Build modules
How to organize your course into modules students move through
What is a module?
Section titled “What is a module?”A module is an ordered collection of course content. Group repositories, pages, slides, and quizzes into a single sequence students move through, like a week or a unit. Modules don’t replace repositories. They sit on top of them as a way to organize what students see and the order they see it in.
Unlike a repository, a module isn’t backed by a Github repo. It lives entirely in Classmoji.
Creating a module
Section titled “Creating a module”Go to Modules and click New module.
- Title: the module name students see (e.g. “Week 1: Getting Started”)
- Description: an optional summary shown under the title
Create the module first, then open it to add content.
Adding and ordering content
Section titled “Adding and ordering content”Open a module to add items to it. A module can hold:
- Repositories
- Pages
- Slides
- Quizzes
Add items, then drag them into the order you want students to follow. Removing an item from a module doesn’t delete the underlying content, it just takes it out of that module. The same repository or page can also live outside the module, so a module is really a curated view over content you already have.
Publishing a module
Section titled “Publishing a module”Modules start as Draft and stay hidden from students until you publish them. Flip a module to Published when it’s ready. As the Owner you always see your modules so you can build them. Students and assistants only see a module once it’s published.

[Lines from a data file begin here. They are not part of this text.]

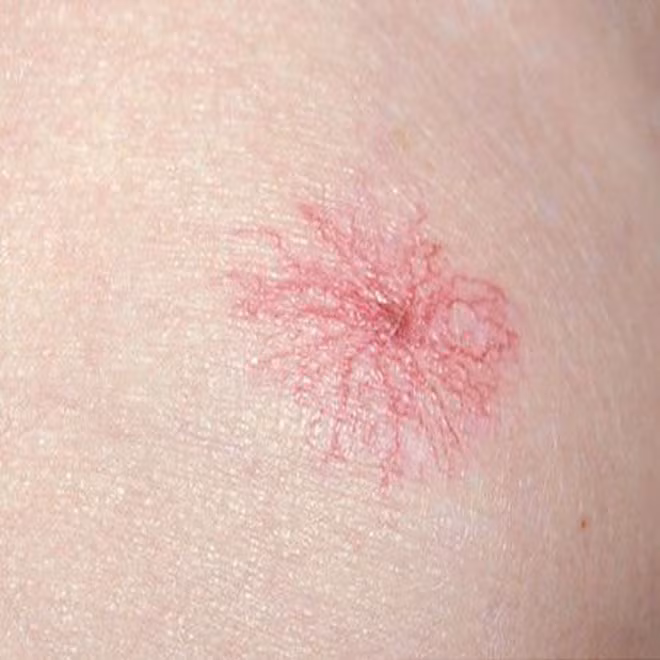 6 dau hieu tien ung thu gan ban nen de y, dung de cai chet den gan-Hinh-4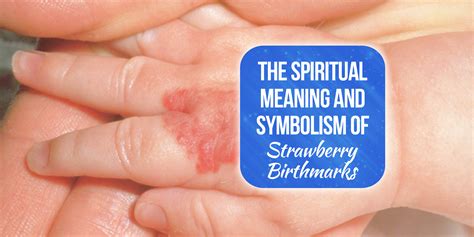 Strawberry Birthmark Spiritual Meaning [Learn The Special Meanings!] | Simply Symbolism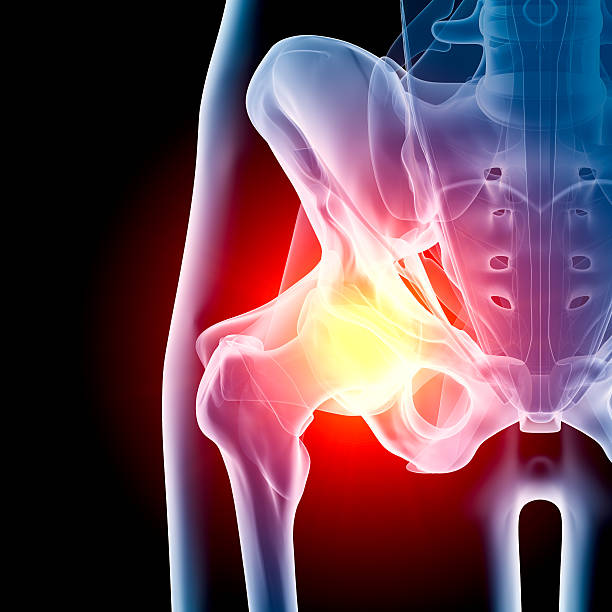 hip in pain x-ray - 人類骨架 插圖 個照片及圖片檔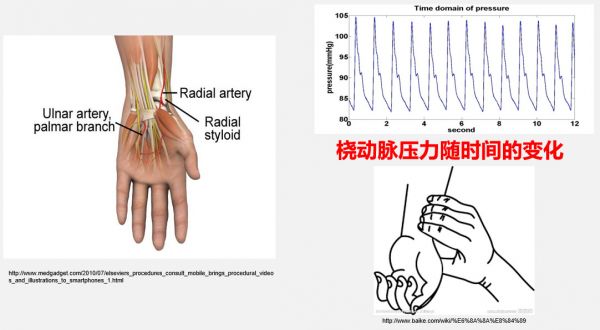 探索脉搏波的临床诊疗价值，「金姆健康」先从女性健康开始进行商业化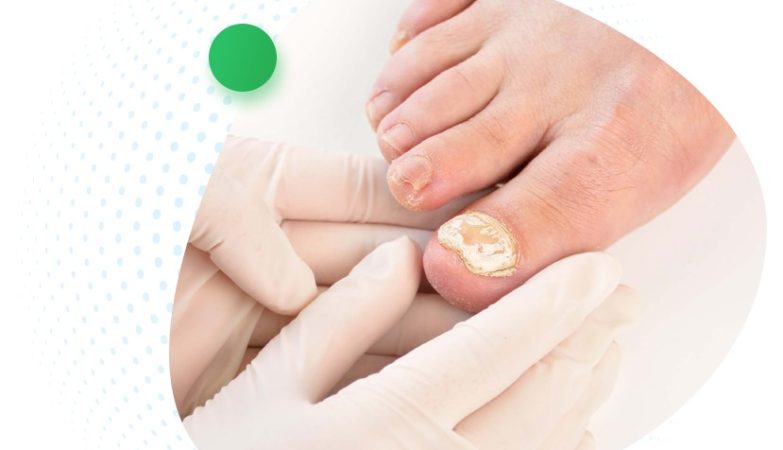 Home Remedies To Get Rid Of Toenail Fungus Infection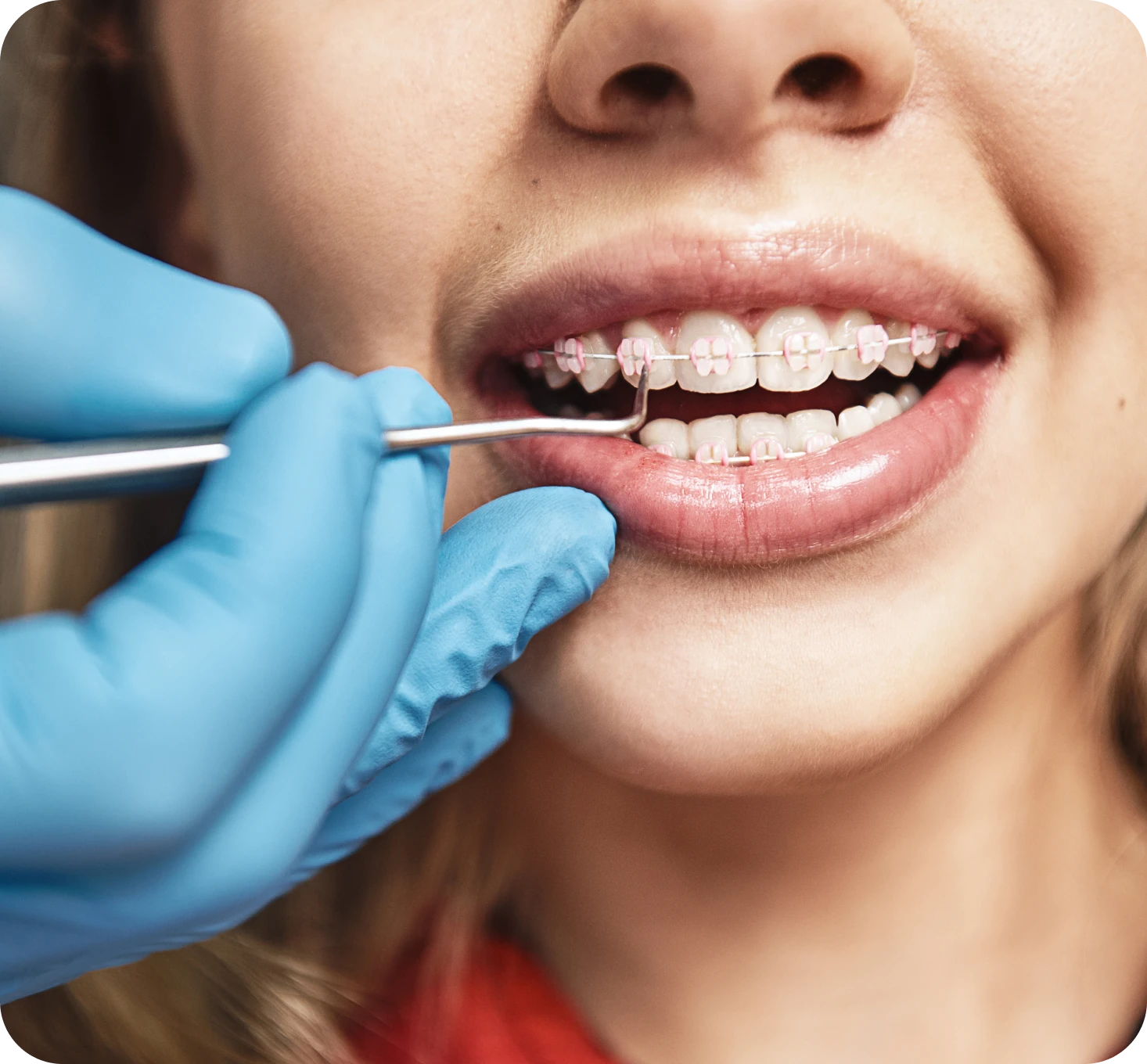 Appareils dentaires esthétiques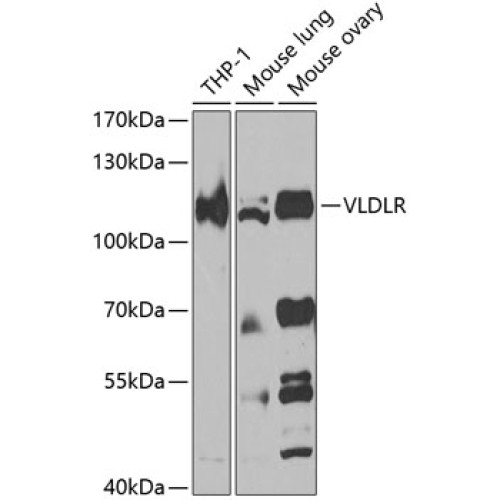 VLDLR Rabbit pAb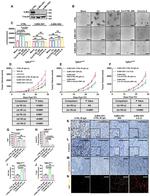 CD3e Antibody in Immunohistochemistry (IHC)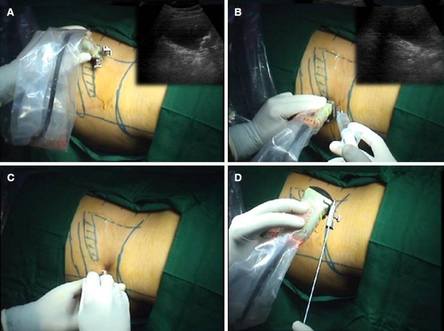 Böbrek içersine Katater Yerleştirilmesi 2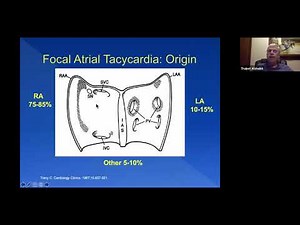From Surface ECG to Intracardiac EGM - Part 2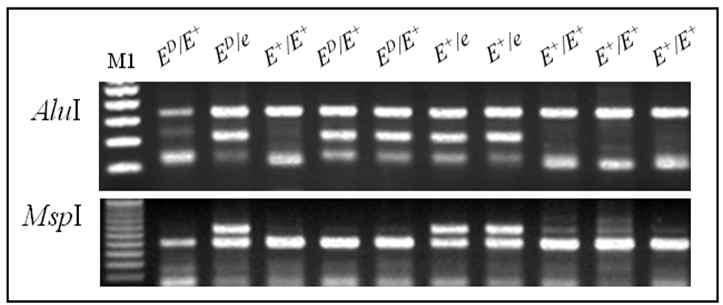 Different MC1R genetypes by PCR-RFLP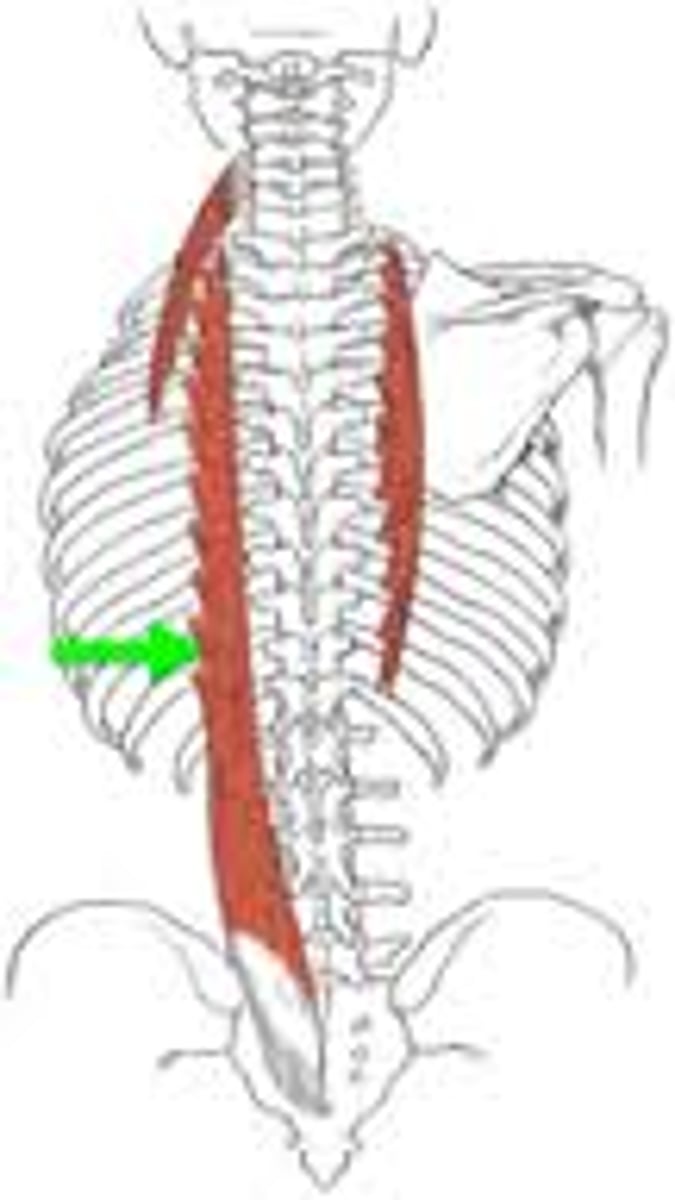 <p>posterior, most lateral</p>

This makes modules a natural way to release content on a schedule: build the whole term up front as drafts, then publish each module when you reach it.
Showing modules to students
Section titled “Showing modules to students”Modules are off for students by default. To turn them on, go to Settings > Content and enable Show Modules under Student Navigation. Once enabled, students get a Modules view in their sidebar that shows each published module with its items in the order you set, giving them a clear, guided path through the course instead of a flat list of repositories and pages.